The type <4 x double> is in LLVM IR terminology a vector, and is here the resulting type
of adding two arguments of the same vector type.
As a note, LLVM has also decided to unroll the loop by a factor of four.
Moving on to look at the assembly, we see that indeed (at least on the computer of the author), this LLVM IR has turned into processor instructions that
does four multiplications in one instruction.

julia> code_native(axpy!, Tuple{V64, V64, V64})
 vmulpd  (%esi,%ecx,8), %ymm0, %ymm0
 vmulpd  32(%esi,%ecx,8), %ymm1, %ymm1
 vmulpd  64(%esi,%ecx,8), %ymm2, %ymm2
 vmulpd  96(%esi,%ecx,8), %ymm3, %ymm3

The instruction vmulpd does “packed” double-precision floating point addition and
the ymm registers fit 256 bits which can thus fit four 64-bit floats.

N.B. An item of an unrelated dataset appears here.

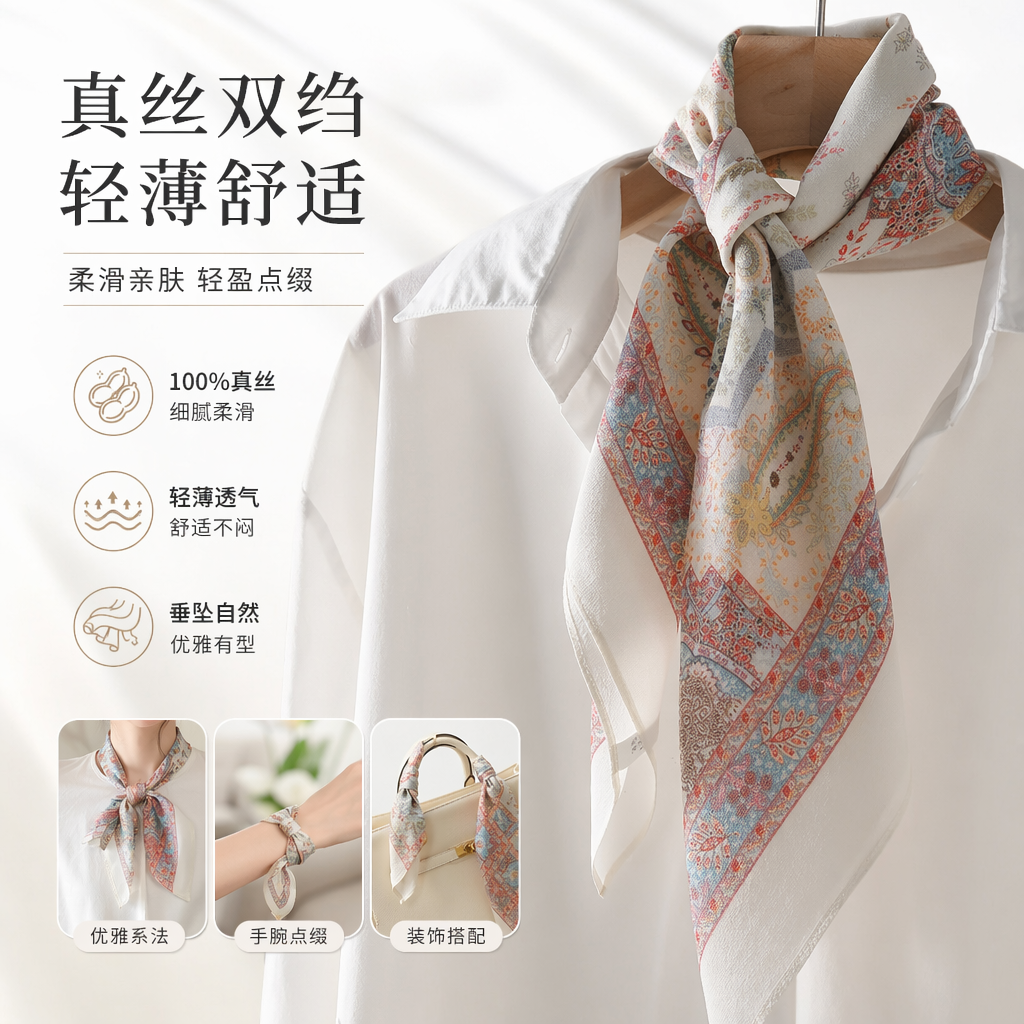 白色衬衫搭配丝巾套装 通勤休闲百搭女式上衣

Any type of control flow inside the loop will likely mean the loop will not vectorize. That is why @inbounds is important here,
otherwise we have control flow to the part that throws the bounds error.

Note that for reductions using non-associative arithmetic (like floating point airthmetic) you will have to tell the compiler that it is ok to reorder
the accumulations into the reduction variable using the @simd macro.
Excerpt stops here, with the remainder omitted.